Le rassemblement, « un succès » selon son principal protagoniste qui souhaitait « choquer », a suscité des réactions très variées et souvent très négatives. Restaurateur dans le quartier juif de Prague, situé près de la place de la Vieille-Ville, Aaron Günsberger, interrogé par le site iDnes.cz, a peu goûté la plaisanterie : « ils ont causé une honte internationale à la République tchèque ».
Le ministre de l’Intérieur Milan Chovanec, cible récurrente des islamophobes qui critiquent sa politique migratoire, pourtant restrictive, s’est exprimé sur le réseau social Twitter : « L’action d’aujourd’hui sur la place de la Vieille-Ville est l’expression d’un crétinisme civique et politique. » L’expression d’un crétinisme qui, selon Tomáš Hulan, pourrait faire l’objet de poursuites :« Pour l’heure, nous considérons qu’il y a acte délictueux pour diffusion d’une fausse information alarmante. Personne n’a cependant été arrêté et il a seulement été demandé à huit personnes de se rendre auprès des services de police pour fournir des explications. Un appel que ces individus ont respecté. »
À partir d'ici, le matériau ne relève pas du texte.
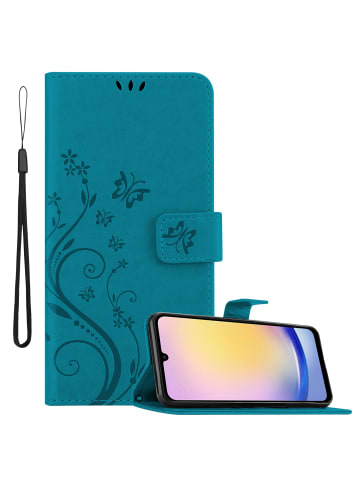 cadorabo Hülle für Samsung Galaxy A26 Blumen Design in Floral Blau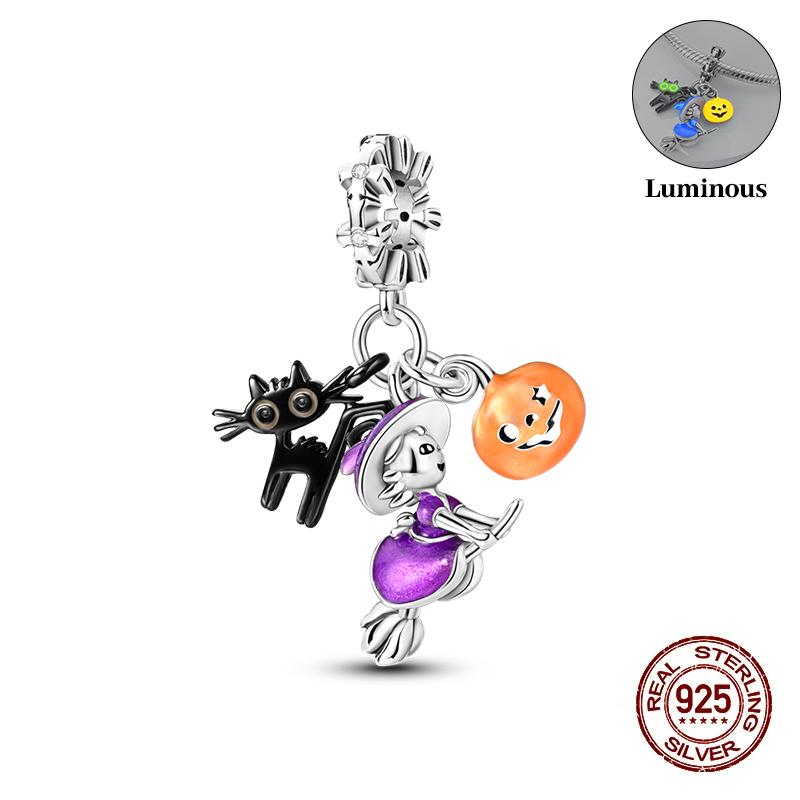 Halloween Charms Bead Copper Luminous Pumpkin Ghost Dangle Fit Bangle Bracelet Necklace Diy Jewelry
Le rassemblement avait bel et bien été notifié auprès des autorités. D’après Vít Hofman, le porte-parole de la mairie, il n’était alors pas possible d’en connaître le contenu exact et il était donc difficile de l’interdire. Pour sa part, la maire de Prague Adriana Krnáčová (ANO), qui évoque un détournement de la mémoire d’août 1968, estime que cette action aura des conséquences judiciaires. Ses organisateurs pourraient être inculpés non pour propagation d’une fausse information alarmante mais pour un trouble à l’ordre public.